Re:mod parent up by AugstWest · 2005-09-13 12:36 · Score: 1

I would give it points, but I guess I can't, since I asked the questoin :] Thanks for a great answer.
Re:mod parent up by blackcoot · 2005-09-13 12:57 · Score: 1

intro. to parallel computation is known as one of the nightmare master's level classes (the sort of class that most folks only took because they were either a] utter masochists, b] far too clever, or c] didn't have any other choices) at my alma mater. i kinda fell into all three of those categories and ended up doing pretty well. the question you asked is one that my prof posed to us our first night of class and one that came back to haunt us almost every class thereafter (and certainly on the final)...

anyways, it's a good question to ask --- shows you're at least thinking about things. ultimately, clusters will have such low latencies that they'll move in the direction you're talking about --- distributed-but-sufficiently-low-latency-that-we'l l-pretend-that-it's-a-single-ram. until then, we're still stuck with MPI and friends...

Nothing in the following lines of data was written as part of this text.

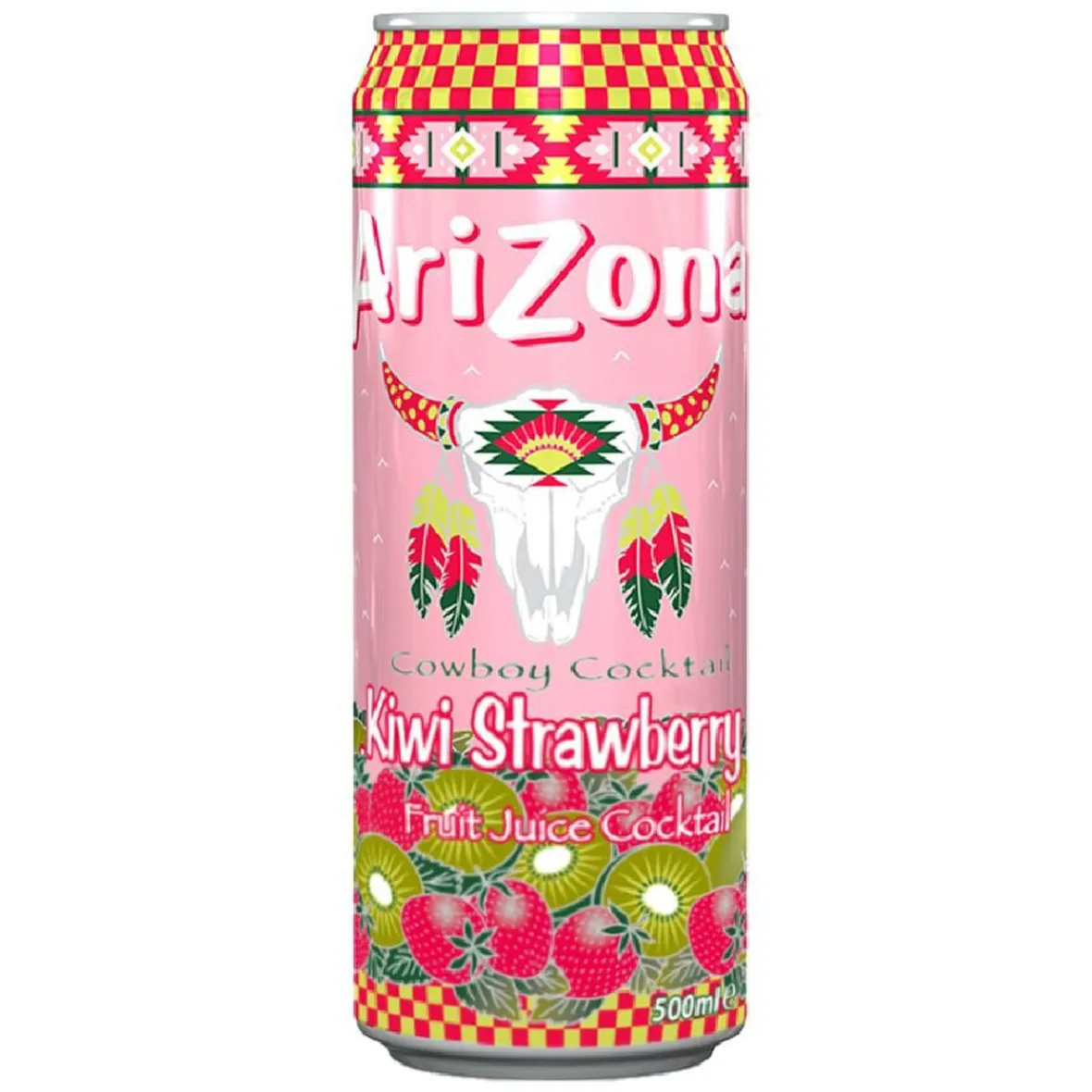 Canette boisson Arizona kiwi fraise 50cl-Gifi New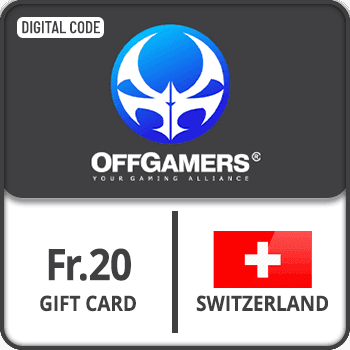OffGamers Gift Card 20 CHF SWITZERLAND product image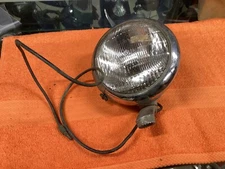 Original Vintage Unity Parts Lamp Light OLD Car Auto Truck Hot Rat Rod 12V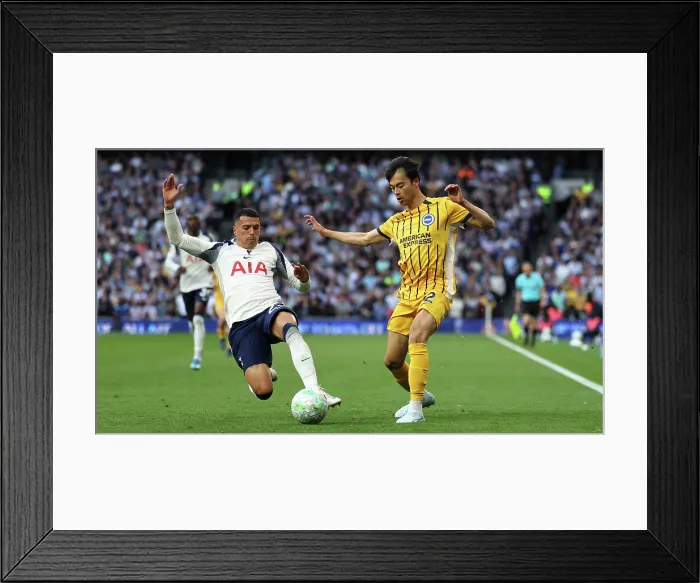 Framed Print : Tottenham Hotspur v Brighton and Hove Albion Premier League 18APR26 Framed Print : Tottenham Hotspur v Brighton and Hove Albion Premier League 18APR26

MOSIX License by Noksagt · 2005-09-13 11:18 · Score: 2, Informative

Actually, I'd recommend openMosix.

Agreed.

Granted Mosix is the original and is open source now as well,

Not by OSI/DFSG/FSF standards. The license is still very restrictive. I think the kernel patches might be under GPL, but certainly not the user tools.

it still seems like openMosix is more actively developed.

This is certainly true. Most talent jumped ship & openMosix does have a higher number of active developers (and is somewhat backed by AMD (though I think AMD can and should give more developers to the project)).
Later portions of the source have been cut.